The Standing Ovation Award

(Character Most Deserving of Receiving Their Full Potential)

Kili from The Hobbit trilogy

When I talked about The They Deserve an Award Award, I brought up Auggie’s quote from Wonder. Last November, I created a list of characters who didn’t receive their full potential. With both of that said, I decided to create an award category where I recognize a character that I feel should receive the full potential they deserve. In my tag post, My take on The “Flaming Hot…5 Reasons Why” Tag, I brought up Kili from The Hobbit trilogy. Since I saw all three movies for the first time last year, Kili would be eligible for this award. In that aforementioned tag post, I claimed how Kili was, in my opinion, the MVP of Middle-Earth. This is because there are several attributes that make him a likable character, such as his humbleness toward his royal title. Throughout the trilogy, I was rooting for Kili to achieve his full potential, which I feel could have been possible. But, without spoiling this story, his potential was ultimately denied. I do plan on writing at least one editorial about Kili, so stay tuned!

The Honorable and Dishonorable Mention Award

(Best and Worst Movie from the Honorable and Dishonorable Mention Category)

Best – Akeelah and the Bee, Worst – Hallmark Hall of Fame’s The Corsican Brothers

Whenever I publish my best and worst movies of the year lists, I receive few opportunities to talk about the movies in my Honorable and Dishonorable Mention categories. In fact, the only times I talk about these movies are when I get the opportunity to review them on my blog. Therefore, I created an award category to recognize these films. Akeelah and the Bee was such a pleasant surprise for me! It was a feel-good story that felt sincere in the messages and delivery. There were even interesting twists that I did not see coming. Without spoiling the movie, the script did a good job at avoiding a cliché when it comes to competitions in movies. I’m glad I checked out Akeelah and the Bee, as the film was time well spent!

Last October, I reviewed Hallmark Hall of Fame’s The Corsican Brothers for the Devilishly Delightful Donald Pleasence Blogathon. After seeing some adaptations of Alexandre Dumas’ stories, I thought I knew what to expect from the 1985 made-for-tv movie. But the longer I watched The Corsican Brothers, the more disappointed I became.

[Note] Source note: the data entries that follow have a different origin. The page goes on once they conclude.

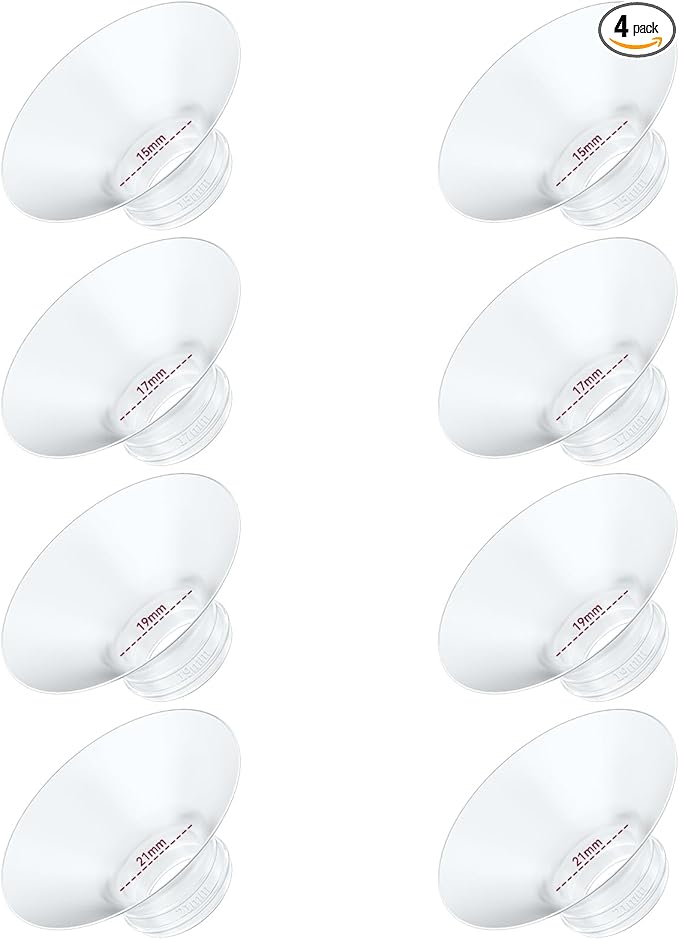 8PC Flange Insert 15/17/19/21mm Compatible with Momcozy M5/M6//M9 Wearable Breast Pump Replacement, BPA Free Silicone M5/M6/M9 Flange Inserts Same Suction as OEM(8PC-4Size)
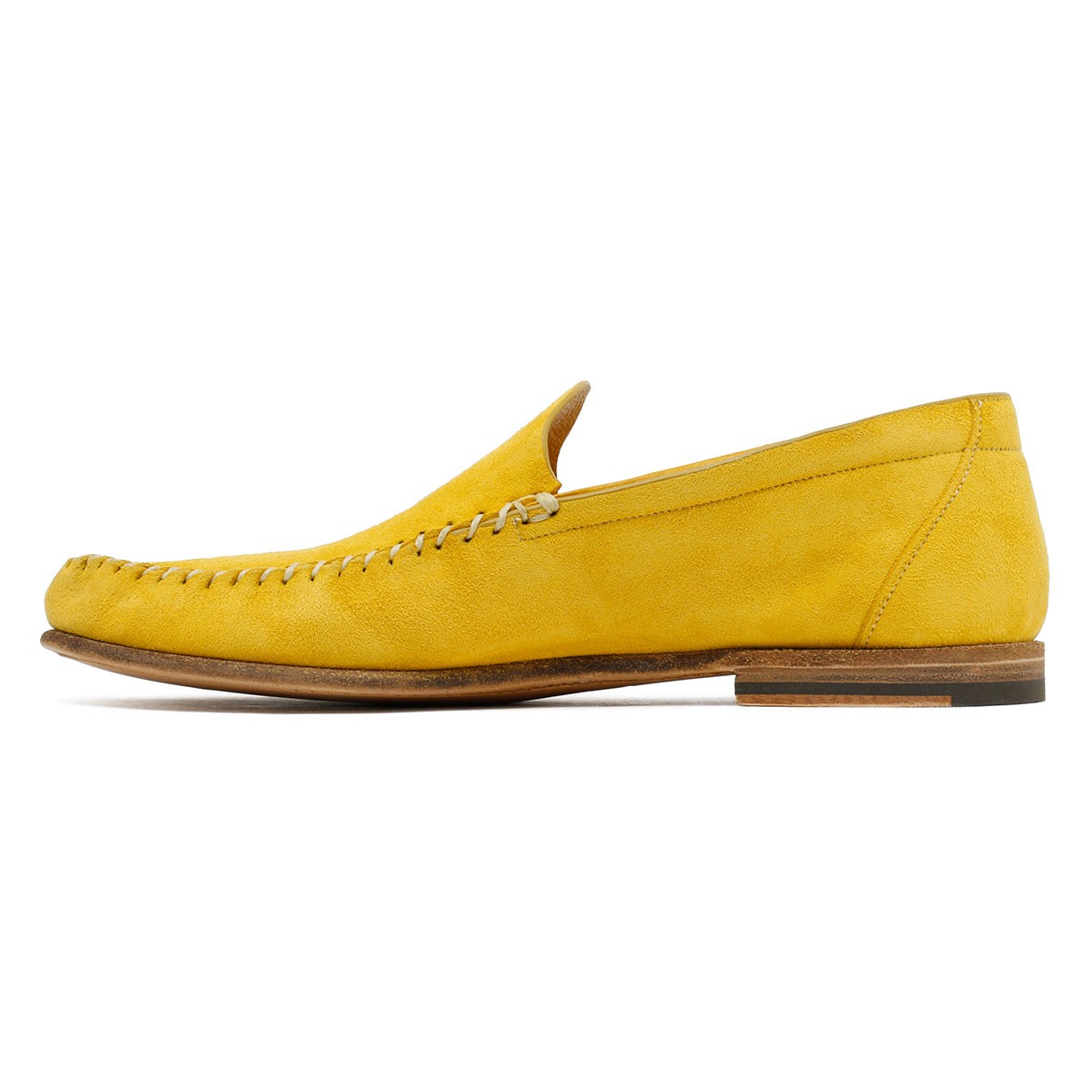 Yellow deer leather loafers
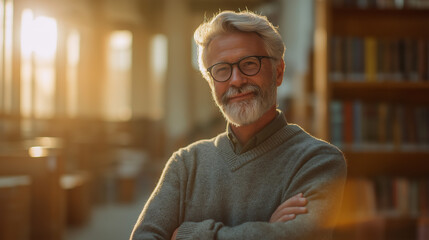 Portrait of senior man with beard in library wearing glasses smiling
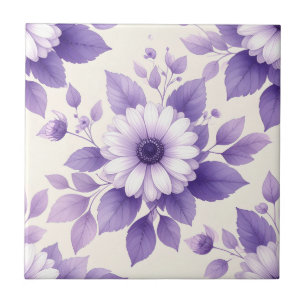 Moderne violette Margeriten und botanische Pflaume Fliese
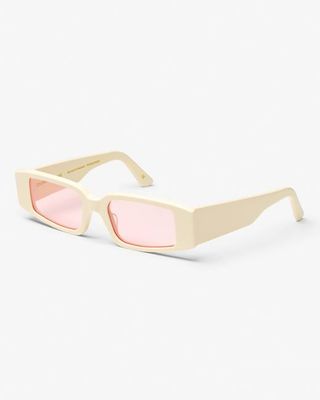 Sunglass 05 - Ivory White Solid - Light Pink
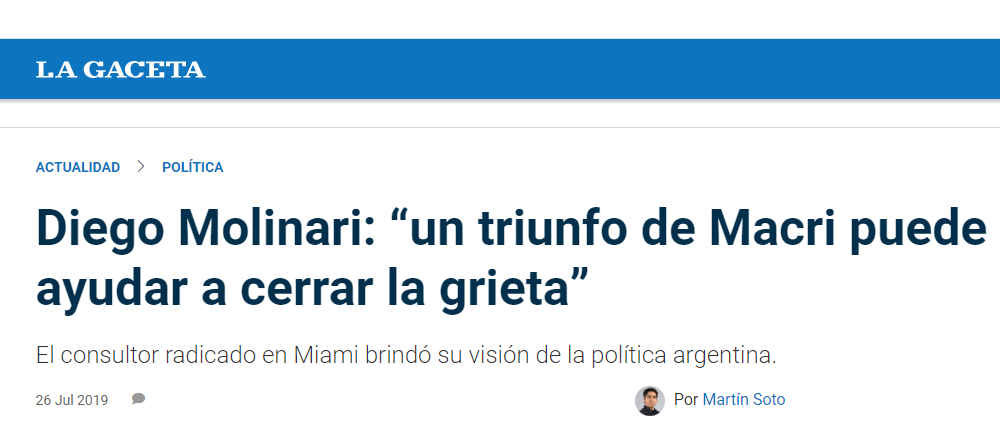 Diego Molinari en La Gaceta: “un triunfo de Macri puede ayudar a cerrar la grieta”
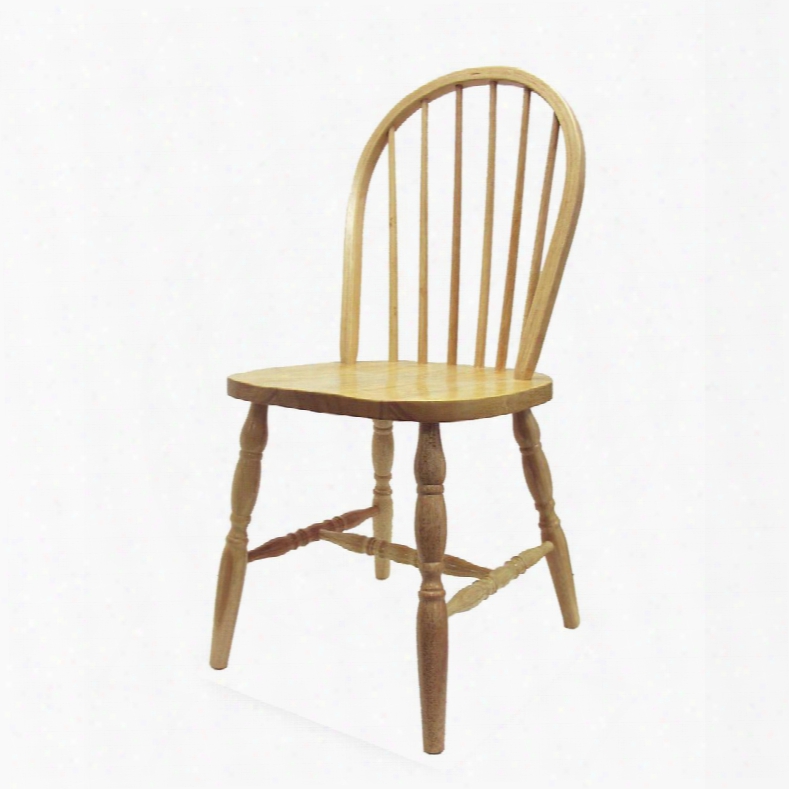 83237 Set Of 2 Windsor Chair Curved Legs Assembled In Natural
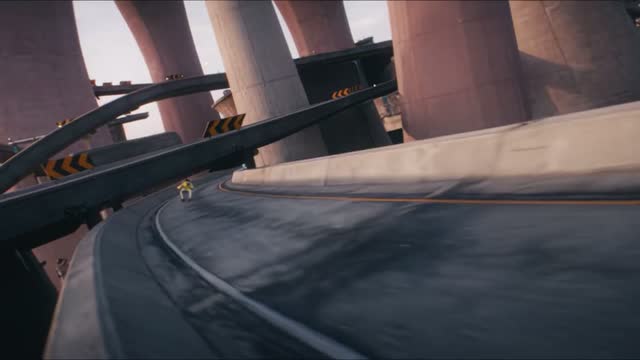 Fly-over — The camera lifts over the highway as you race away.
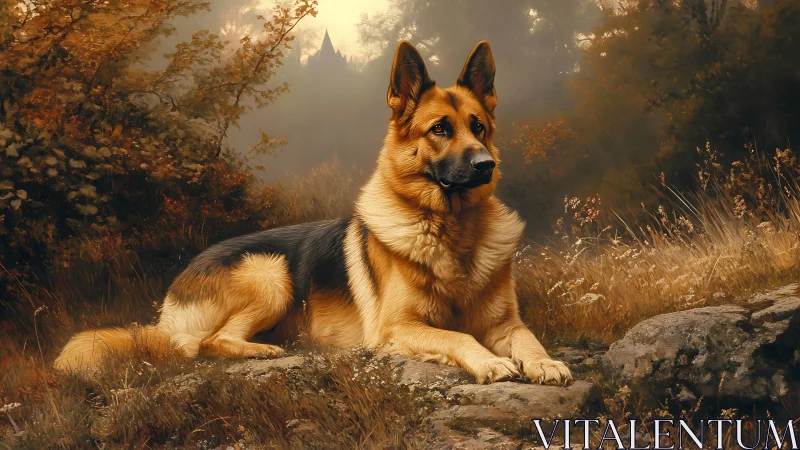 German Shepherd resting on autumn forest rocks at dusk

This story was not the exciting tale with adventure and intrigue I was hoping for. Instead, it was a confusing film with little to no use of urgency. As of the publication of this award post, I still have not read this movie’s source material. Therefore, I don’t know which parts of the production are creative liberties.

The Nosferatu vs. Dracula Award

(Two Movies That Feel Like You’re Watching the Same One)

Harvey (1950) and Hallmark Hall of Fame’s Harvey (1972)

For a Blog Follower Dedication Review, I wrote about 1931’s Dracula. Because I had seen Nosferatu prior to watching Dracula, the 1931 film felt like a re-tread of its predecessor. I even told my readers if they had seen Nosferatu, they’d already seen Dracula. Last year, I reviewed two versions of Harvey; the 1950 movie and the Hallmark Hall of Fame adaptation from 1972. Though I liked the Hallmark Hall of Fame movie more than its predecessor, I didn’t like how it was a copy of the 1950 film. The movie’s sets even looked almost exactly like they did in the 1950 production. If you’ve never seen any version of this story, I’d recommend only seeing 1972’s adaptation of Harvey.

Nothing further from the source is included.